An employee does not need two years’ service to claim unfair dismissal if the reason for the dismissal is that he or she has made a public interest disclosure. One of the difficulties for employers is that an employee who makes disclosures of alleged wrongdoing may also be a difficult colleague to work with – and if he or she is dismissed it may be difficult for the Tribunal to decide whether the dismissal was prompted by the disclosure itself or by the way in which the employee has behaved.
In Parsons v Airplus International Ltd the employee was dismissed after just six weeks of work as a legal compliance officer. In the course of her employment she had raised a number of issues that she identified as being public interest disclosures concerned with the way in which the employer was operating its business. The Tribunal found, however, that the dismissal was nothing to do with the matters that the employee was raising, but was a result of her behaviour. She was found to be rude and confrontational in her approach; she made assumptions about the legal position without researching them properly; did not listen to others and was unable to make practical suggestions about what measures should be taken. Instead she was irrationally focussed on her own personal liability for any irregularities and her disclosures were aimed purely at protecting her own personal position.

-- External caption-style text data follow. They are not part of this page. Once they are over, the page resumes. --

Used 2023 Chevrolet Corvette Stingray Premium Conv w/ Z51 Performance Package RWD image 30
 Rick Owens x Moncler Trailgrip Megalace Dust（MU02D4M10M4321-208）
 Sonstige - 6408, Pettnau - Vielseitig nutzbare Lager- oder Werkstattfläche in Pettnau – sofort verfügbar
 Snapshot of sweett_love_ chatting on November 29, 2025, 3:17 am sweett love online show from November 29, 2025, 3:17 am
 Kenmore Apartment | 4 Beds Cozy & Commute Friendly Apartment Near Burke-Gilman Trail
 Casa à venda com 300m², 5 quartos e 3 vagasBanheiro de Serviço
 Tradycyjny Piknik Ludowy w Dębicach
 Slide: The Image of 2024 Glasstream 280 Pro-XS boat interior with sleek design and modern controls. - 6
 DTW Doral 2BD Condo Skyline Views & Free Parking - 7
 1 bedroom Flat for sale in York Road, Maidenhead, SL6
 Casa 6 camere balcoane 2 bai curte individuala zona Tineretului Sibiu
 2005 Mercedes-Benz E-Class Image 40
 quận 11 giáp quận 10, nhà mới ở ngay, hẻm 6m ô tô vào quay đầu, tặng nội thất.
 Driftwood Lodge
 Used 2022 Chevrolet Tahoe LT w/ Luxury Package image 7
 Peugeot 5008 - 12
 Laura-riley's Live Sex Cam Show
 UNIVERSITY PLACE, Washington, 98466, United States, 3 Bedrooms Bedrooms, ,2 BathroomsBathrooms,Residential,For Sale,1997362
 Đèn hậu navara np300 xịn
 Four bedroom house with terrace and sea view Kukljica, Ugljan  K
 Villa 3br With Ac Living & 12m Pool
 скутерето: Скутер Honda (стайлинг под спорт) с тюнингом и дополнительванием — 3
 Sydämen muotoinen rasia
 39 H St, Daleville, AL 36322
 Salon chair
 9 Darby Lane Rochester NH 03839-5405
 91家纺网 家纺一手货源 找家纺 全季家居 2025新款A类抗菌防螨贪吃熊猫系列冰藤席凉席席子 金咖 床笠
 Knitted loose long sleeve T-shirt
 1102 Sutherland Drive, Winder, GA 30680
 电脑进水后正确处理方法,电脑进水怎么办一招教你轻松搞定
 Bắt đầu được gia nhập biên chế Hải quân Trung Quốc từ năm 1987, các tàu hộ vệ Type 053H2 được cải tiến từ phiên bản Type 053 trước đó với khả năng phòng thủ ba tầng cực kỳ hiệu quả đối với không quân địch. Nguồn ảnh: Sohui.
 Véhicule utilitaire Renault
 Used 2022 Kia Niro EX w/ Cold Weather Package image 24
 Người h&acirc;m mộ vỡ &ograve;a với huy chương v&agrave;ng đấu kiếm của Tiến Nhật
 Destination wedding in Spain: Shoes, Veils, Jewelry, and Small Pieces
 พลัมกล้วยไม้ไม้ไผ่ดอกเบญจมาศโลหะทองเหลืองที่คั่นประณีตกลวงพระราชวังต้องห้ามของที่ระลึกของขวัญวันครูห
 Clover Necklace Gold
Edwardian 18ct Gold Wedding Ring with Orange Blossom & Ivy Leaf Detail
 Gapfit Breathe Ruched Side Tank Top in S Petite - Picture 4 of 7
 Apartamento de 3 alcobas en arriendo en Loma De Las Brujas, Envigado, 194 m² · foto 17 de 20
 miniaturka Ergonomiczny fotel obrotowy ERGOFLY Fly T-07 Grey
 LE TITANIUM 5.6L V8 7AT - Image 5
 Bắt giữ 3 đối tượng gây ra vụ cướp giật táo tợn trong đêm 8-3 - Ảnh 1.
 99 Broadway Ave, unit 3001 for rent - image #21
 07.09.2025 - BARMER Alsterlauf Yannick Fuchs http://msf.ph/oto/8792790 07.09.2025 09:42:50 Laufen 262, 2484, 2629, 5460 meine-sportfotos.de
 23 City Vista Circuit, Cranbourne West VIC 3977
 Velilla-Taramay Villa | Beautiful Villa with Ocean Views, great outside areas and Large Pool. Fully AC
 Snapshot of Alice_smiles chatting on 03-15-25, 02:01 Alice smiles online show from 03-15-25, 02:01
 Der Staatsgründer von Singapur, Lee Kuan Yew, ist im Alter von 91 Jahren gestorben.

The EAT upheld the Tribunal’s decision. The Tribunal had been entitled to find that the employer had properly distinguished between the making of the disclosures and the employee’s wider behaviour. The Tribunal had not made the mistake of assuming that because the employee was motivated by the desire to protect her own position that that meant that the disclosures were not made in the public interest. The Tribunal had instead found that the matters raised were not in the public interest because they were only concerned with protecting the employee’s own position. That was a conclusion the Tribunal had been entitled to reach.